Vokter v0.2: Software architecture & design philosophy

This post is based on...

Jun 19, 2016

project

Vokter: A document store that periodically checks for changes in web documents

Multilingual parser & indexer that uses Locality-Sensitive Hashing, DiffMatchPatch, Bloom filters and cronjobs to detect inserted and removed keywords from webpages.

This post outlines the architectural choices behind Vokter, an open-source document store in Java that I’ve been developing since October 2014. This does not address other projects under the ‘Vokter’ umbrella (such as Vokter HTTP server), but I do hope to address them later in a future post.

What started as a simple project for a University class in Distributed Architectures, which I named Argus (from Argus Panoptes, the all-seeing giant of Greek mythology), it is currently one of my most ambitious and complex libraries, now known as Vokter (Norwegian for watcher).

Vokter is a document store & index that combines Locality-Sensitive Hashing for K-Shingles, a fork of DiffMatchPatch, Bloom filters and Quartz cronjobs to detect changes in web documents, triggering notifications when specified keywords were either added or removed.

At a basic level, Vokter fetches web documents on a periodic basis and performs detection (comparison of occurrences between two snapshots of the same document) and matching (finding out if one of the detected differences matches a registered keyword, sending messages to attached consumers if so).

It optionally supports multi-language stopword filtering, to ignore changes in common words with no important significance, and stemming to detect changes in lexical variants.

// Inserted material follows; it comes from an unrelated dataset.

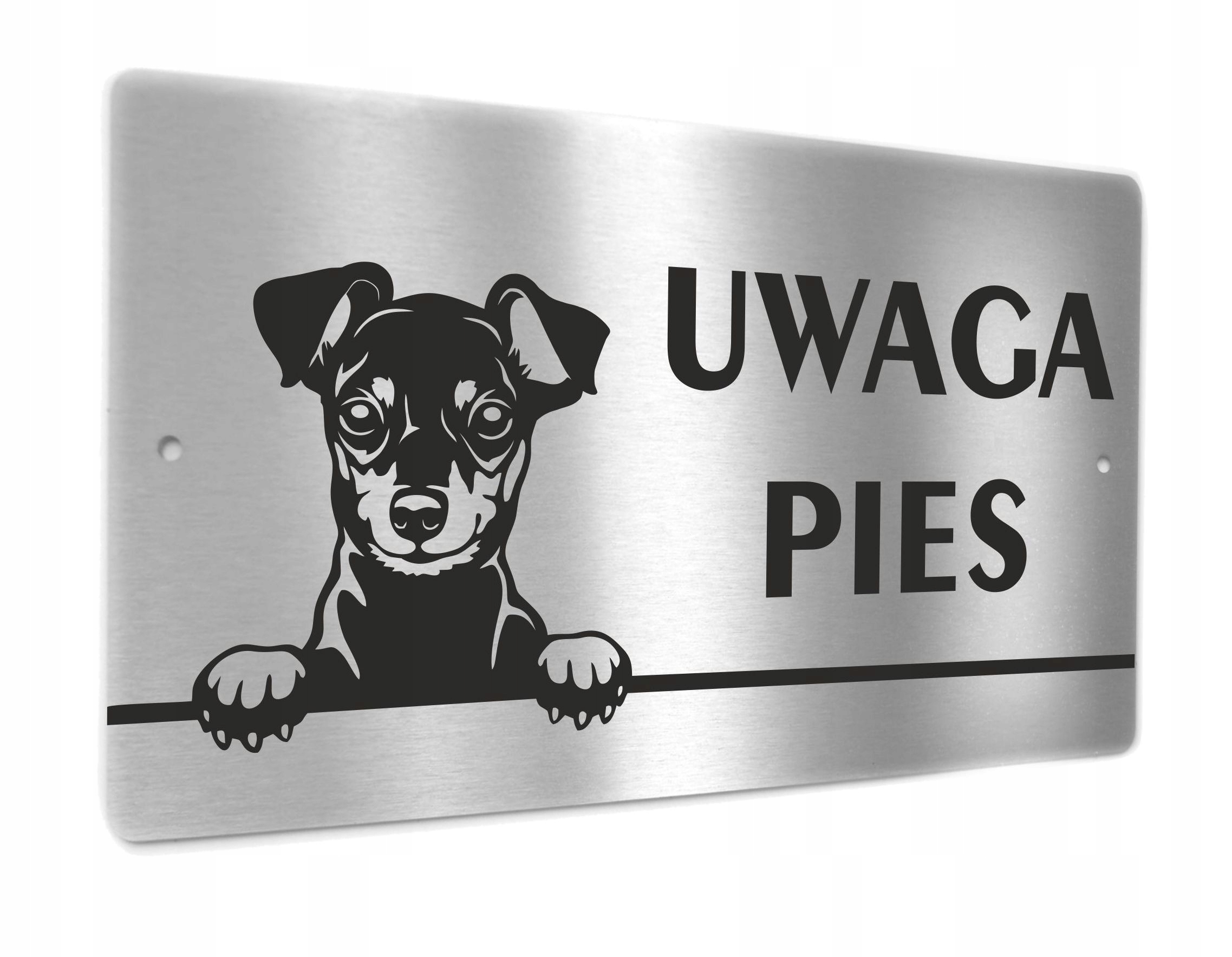 

Tabliczka Uwaga Pies Pinczer miniaturowy Ratlerek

Appropriate stopword filtering and stemming algorithms are picked based on the inferred language of the document, using a N-grams Naïve Bayesian classifier.

Job Management

There are two types of jobs, concurrently executed and scheduled periodically (using Quartz Scheduler): detection and matching jobs.

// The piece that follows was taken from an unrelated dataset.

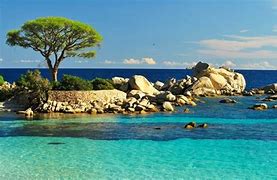 Image result for La Corse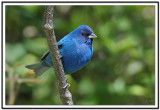 Indigo Bunting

The detection job is responsible for fetching a new document and comparing it with the previous document, detecting textual differences between the two. To do that, the robust DiffMatchPatch algorithm is used. The matching job is responsible for querying the list of detected differences with specific requested keywords.

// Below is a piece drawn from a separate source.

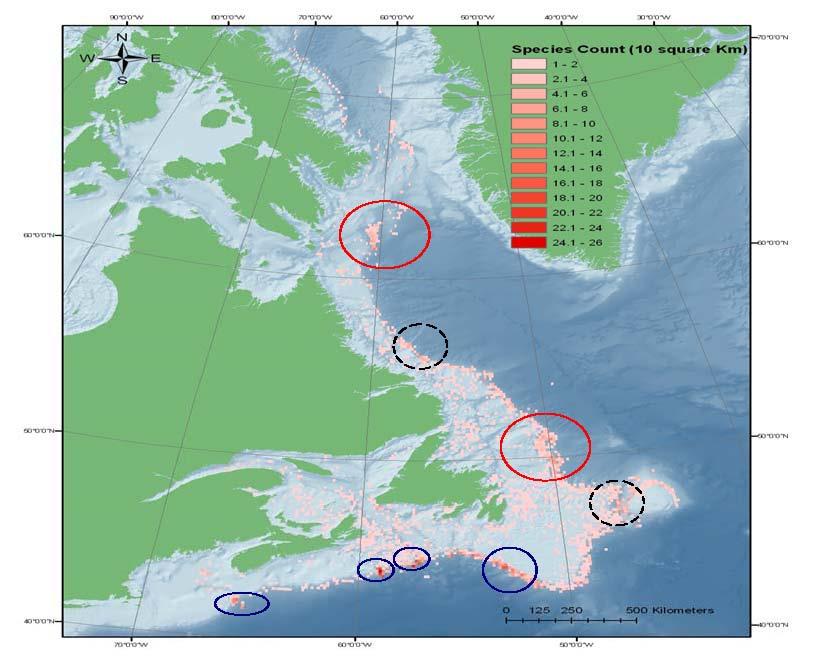 4 References Anononomous, 1967. Fishery description for Newfoundland, Labrador, West and East Greenland // PINRO. Murmansk. 215 pp. Duran Munoz, P., M. Sayago Gil, J. Cristobo, S. Parra, A.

Harmonization of keywords-to-differences is performed by using a Bloom filter, removing differences that have a very low chance of containing the specified keywords, before using a exact comparator (character-by-character) on the remaining differences, to ensure that the detected changes contains any of the keywords.

Since the logic of difference retrieval is spread between two jobs, one that is agnostic of requests and one that is specific to the client and its keywords, Vokter reduces workload by scheduling only one detection job per watched web-page. For this, jobs are grouped into clusters, where its unique identifier is the document URL. This means that each cluster imperatively contains a single scheduled detection job and one or more matching jobs. In other words, When two clients watch the same page, only one detection job for that page is active.

Scaling

Vokter was conceived to be able to scale and to be future-proof, and to this effect it was implemented to deal with a high number of jobs in terms of batching and persistence.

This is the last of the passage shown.